# CODEBOOK

# Public Data
Below we list each dataset and describe the relevant variables.

## `cces_data.Rdata`
This file contains one dataset called `cces` which contains data from the Cooperative Election Study (CCES), a nationally representative, stratified sample survey administered by YouGov. The survey collects information about general political attitudes linked with respondent demographic data. We draw from the 2017 CCES data set because it was the earliest survey year for which book purchase data were available.

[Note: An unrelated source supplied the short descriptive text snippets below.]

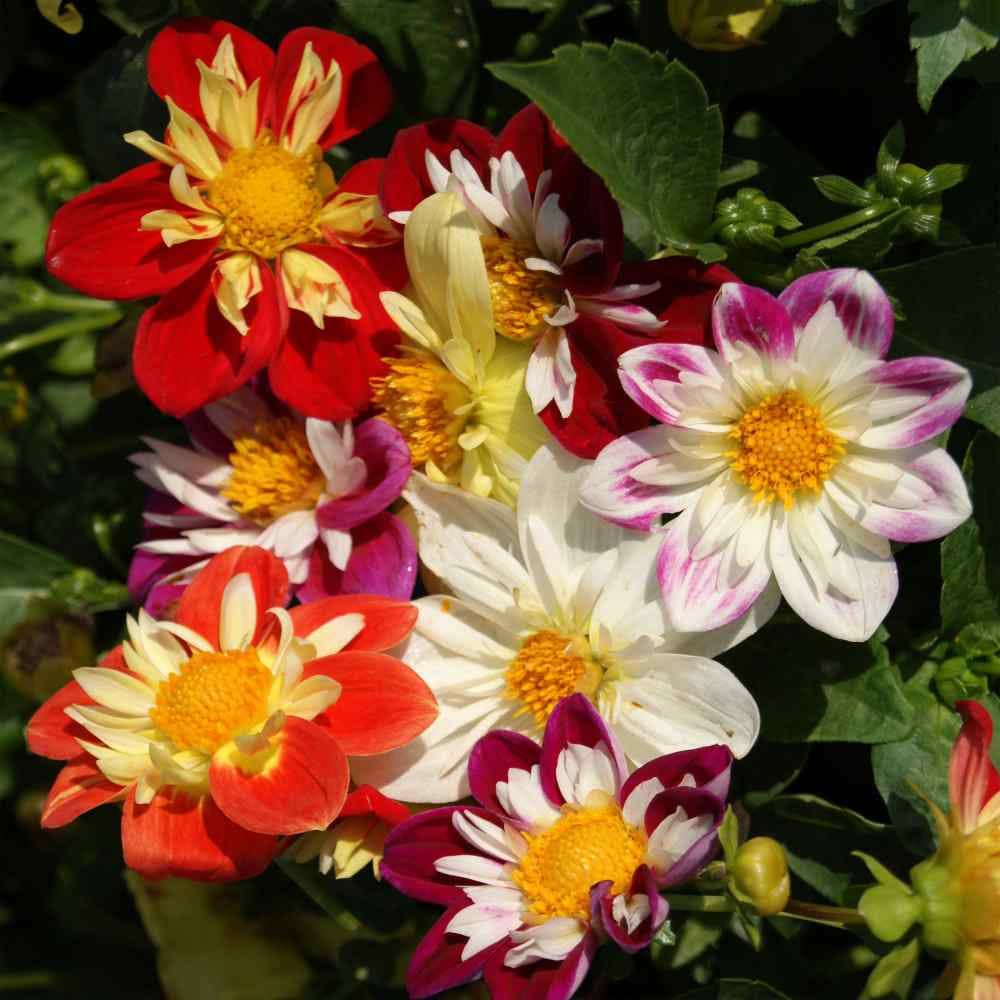dahlia seed mix 40 Dahlia Dandy Improved Mix seeds – GardeningTreasures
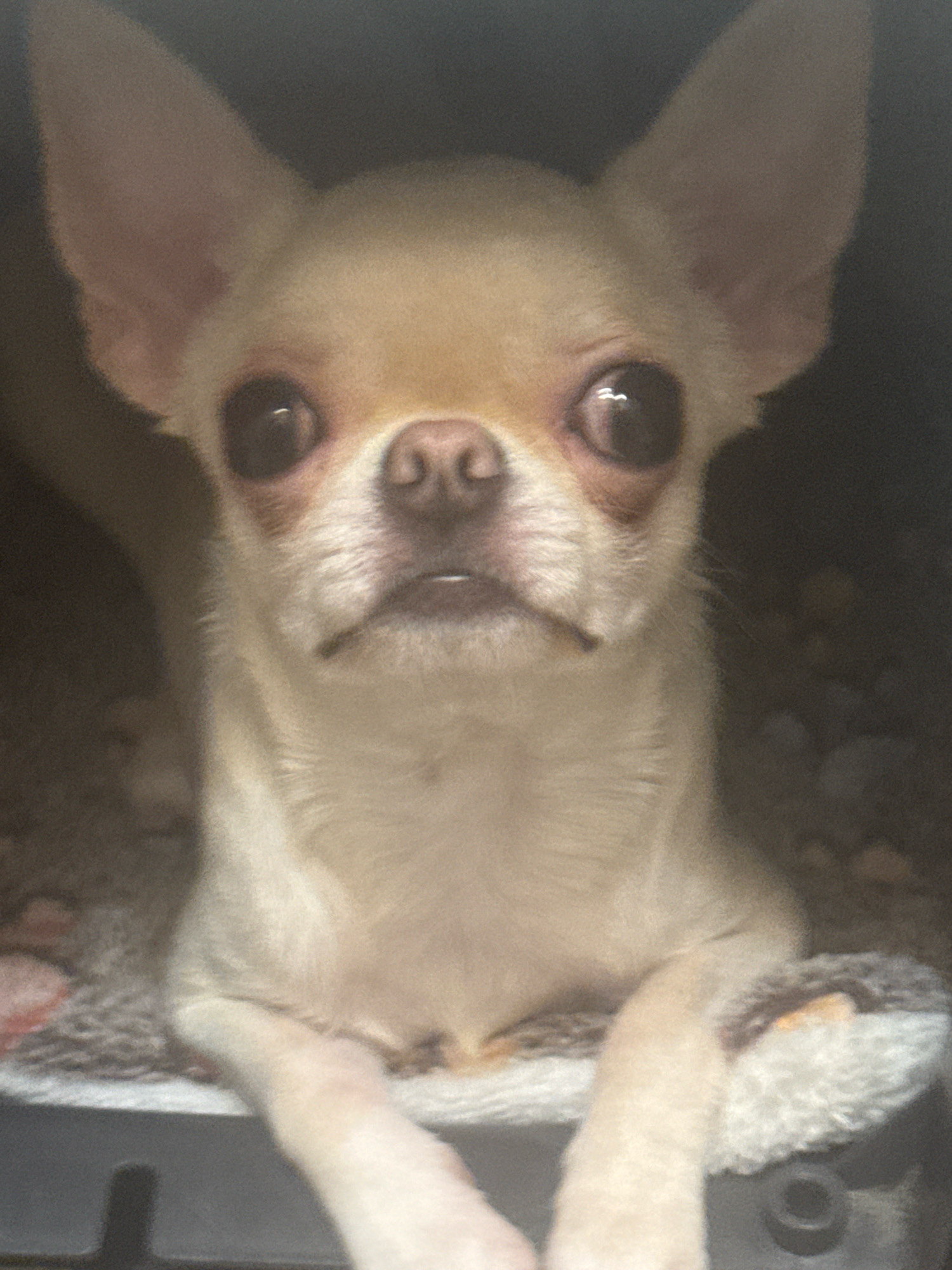 The image shows a close-up, head-on view of a tan and white Chihuahua dog. The dog is lying down, with its front paws resting on a gray and white plush surface. Its large ears are erect, and its dark, round eyes are looking directly at the camera. The background is dark and out of focus, making it difficult to discern any specific details of the environment. There are no people or other animals visible in the image. The scene appears to be indoors, possibly within a pet carrier or dog bed, given the plush bedding and the enclosed dark background. The image does not provide any information that would indicate its location in Novosibirsk, Russia, or any other specific geographical location.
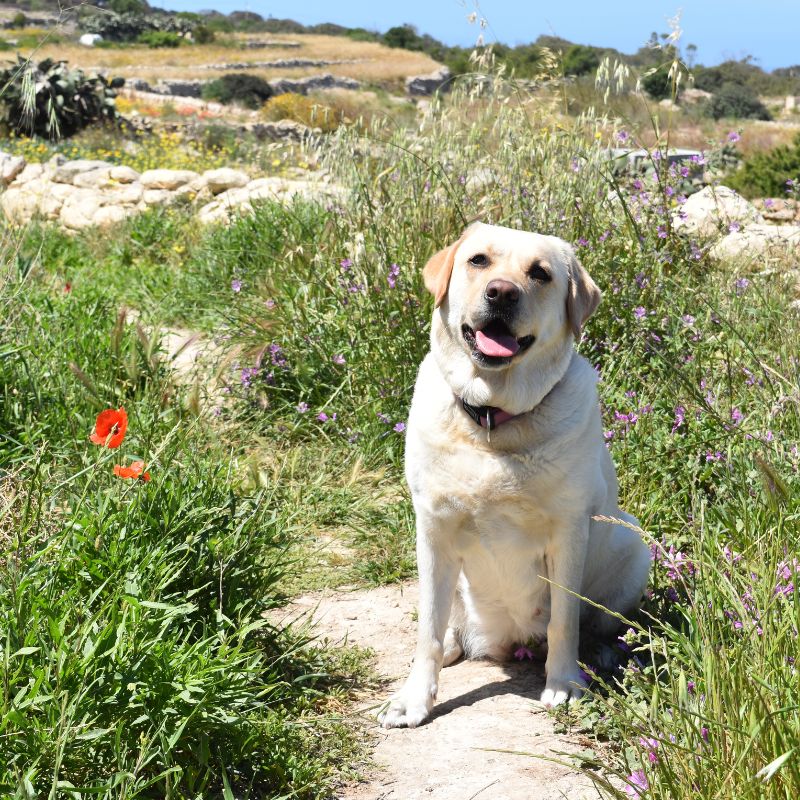 Labrador Retriever - WaldiBello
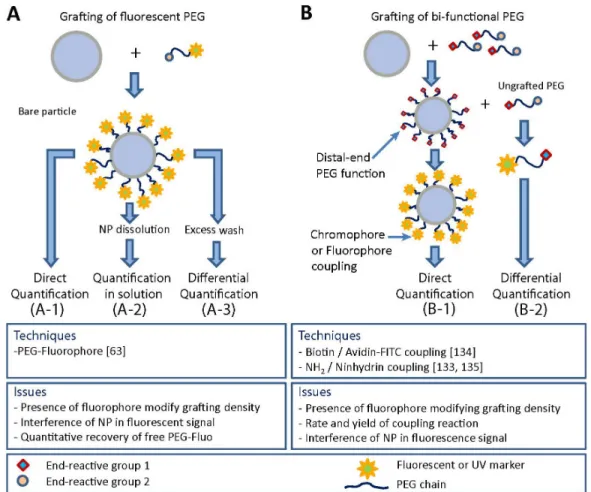 Figure 3.5. Strategies of PEG quantification by fluorescence or UV spectroscopy. (A) Grafting of  fluorescently labeled PEG; (B) Labeling of grafted PEG chains 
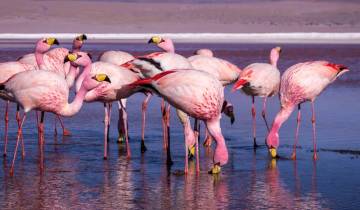 13 Day Argentina, Bolivia & Chile Itinerary, incl. Buenos Aires and Santiago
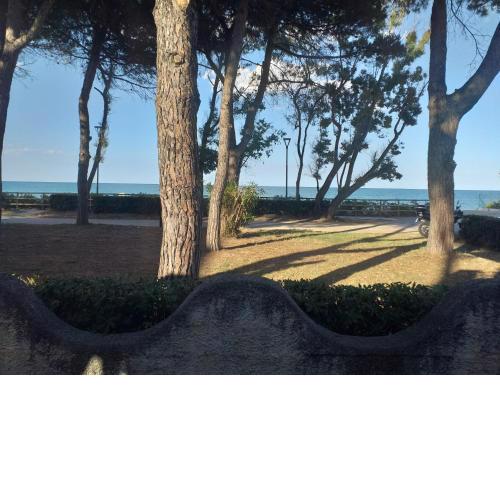 Room in BB - Bright quadruple room a stones throw from the sea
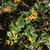 Holly branches with yellow fruits.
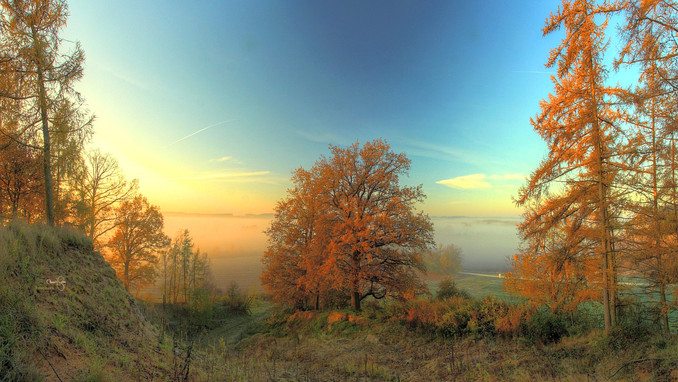 SO V 28s copia_editada.jpg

We collapse this data to the zip code level.

The variables in this dataset and their descriptions are as follows:
  - `postal_code`: 5-digit zip code
  - `pct_deport`: percentage of respondents surveyed in a zip code who think the U.S. government should identify and deport illegal immigrants
  - `pct_angry`: percentage of respondents surveyed in a zip code who somewhat or strongly agree with the statement "I am angry that racism exists"
  - `pct_advantage`: percentage of respondents surveyed in a zip code who somewhat or strongly agree that White people in the U.S. have certain advantages because of the color of their skin
  - `pct_fund`: percentage of respondents surveyed in a zip code who think the U.S. government should withhold federal funds from localities that do not follow federal immigration laws

## `census_data.Rdata`
This file contains one dataset called `census_data` which contains the estimated proportion of individuals in the United States that belong to a given age, gender, or race category as determined by the U.S. census in a given by decade.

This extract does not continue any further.